Genel Başkanlık rüyaları gören üç aday Akşener, Aydın ve Ogan, eğer tüzük kurultayı için yeterli imzayı toplayabilirlerse, Devlet Bahçeli’nin B ve C planları vardır. B planı, kurultay çağrısını reddedip mahkeme yolunu göstermek. İş yargıya giderse, büyük ihtimalle Bahçeli ve MHP Genel Merkezi lehine sonuçlanır. Neden böyle diyorum, çünkü ve ne yazık ki biz de yargı bağımsız değil, egemen güçlerden esen rüzgârlara göre karar veriyor. Bugün o güçler Bahçeli’nin orada durmasını istiyor. Peki hani olur a, mahkeme kurultay çağrısını yasaya ve usule uygun buldu ve kurultay toplandı, ne olur o zaman? İşte o zaman kaybedeceğini görür Bahçeli, fakat partiyi bu üç kişiye asla teslim etmez, çekilir ve yepyeni bir adayı ortaya sürüp onu destekler.

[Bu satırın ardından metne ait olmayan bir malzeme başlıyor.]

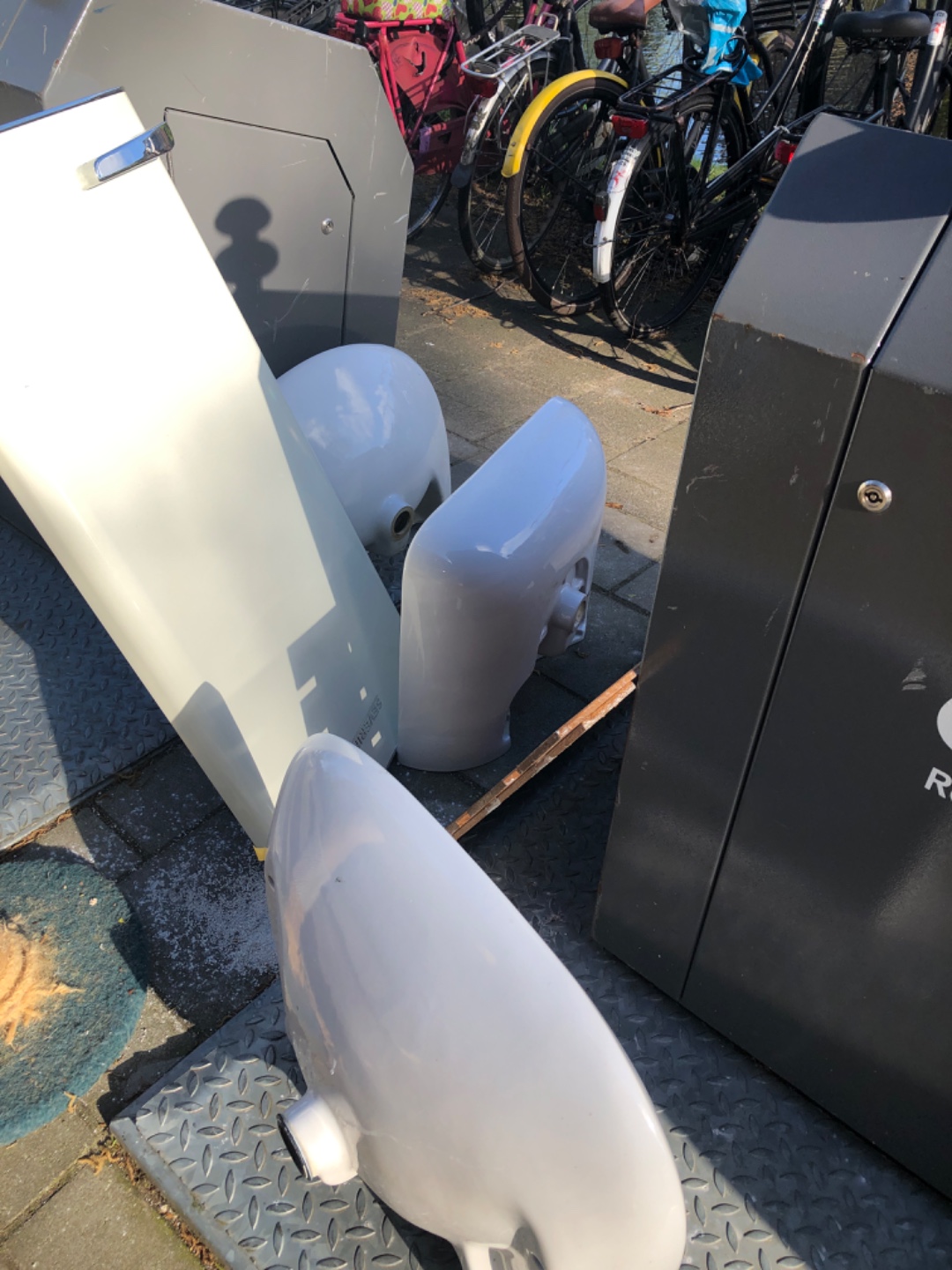 Drie wasbakken nog heel/ three whole wash bassins 1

Kim olur bu aday ya da adaylar? En başta Ümit Özdağ ve Süleyman Servet Sazak olur, başka sürpriz isimler de çıkabilir… Elli yıllık geçmişi olan bir siyasal hareketin içinden onlarca çaplı, yetenekli, dürüst lider adayları çıkabilir… Yani MHP, şimdi ortalarda gezinen ve medya tarafından pohpohlanan bu üç adaya muhtaç değildir ve bana göre (eğer MHP’yi biraz tanıyorsam) kazanma şansları yoktur. Bunlar namları yürüsün, gündemde kalsınlar, geleceğe dönük güç pompalasınlar hesabındalar…

Yani Bahçeli’nin lehine çekildiği aday, MHP Genel Başkanlığı koltuğuna oturur

Çünkü birleştirici aday konumuna gelir biranda ve peşinden sürükler herkesi. Yalnız delegeden, partiliden de değil, ülkücünün küskününden de, bezgininden de, kızgınından da destek gelir.

Bu durum Bahçeli’yi de büyütür, aksakal, akil adam, onursal genel başkan, bilge adam olarak yararlanılır kendisinden…

O ki söz buraya geldi, aynı gazetede (Yeniçağ’da) yazarlık yaptığım, dostluğum merhabam da olan Ümit Özdağ ve babası rahmetli Muzaffer Özdağ’a dair tarihsel değeri bulunan bazı anılarımı paylaşayım:

“Onu 1966 yılında Erzurum Halk Eğitim Merkezi’nde ‘Anlaşılamayan Atatürk’ konulu konferansında dinlemiş, hayran olmuştum, ne güzel konuşuyordu, ne kadar bilgiliydi ve ne kadar beyefendiydi. Lise son sınıfta okuyordum o yıl.

Aradan üç yıl geçti, bu üç yıl zarfında ben Muzaffer Özdağ’ı basından hep takip ettim. 1969 seçimleri arifesinde MHP’deki görevlerinden ayrılmasına ve milletvekili adayı olmamasına da çok üzüldüm.

Türkeş ve Dündar Taşer’le ilke ve ideoloji kayrılığı varmış, öyle diyorlardı.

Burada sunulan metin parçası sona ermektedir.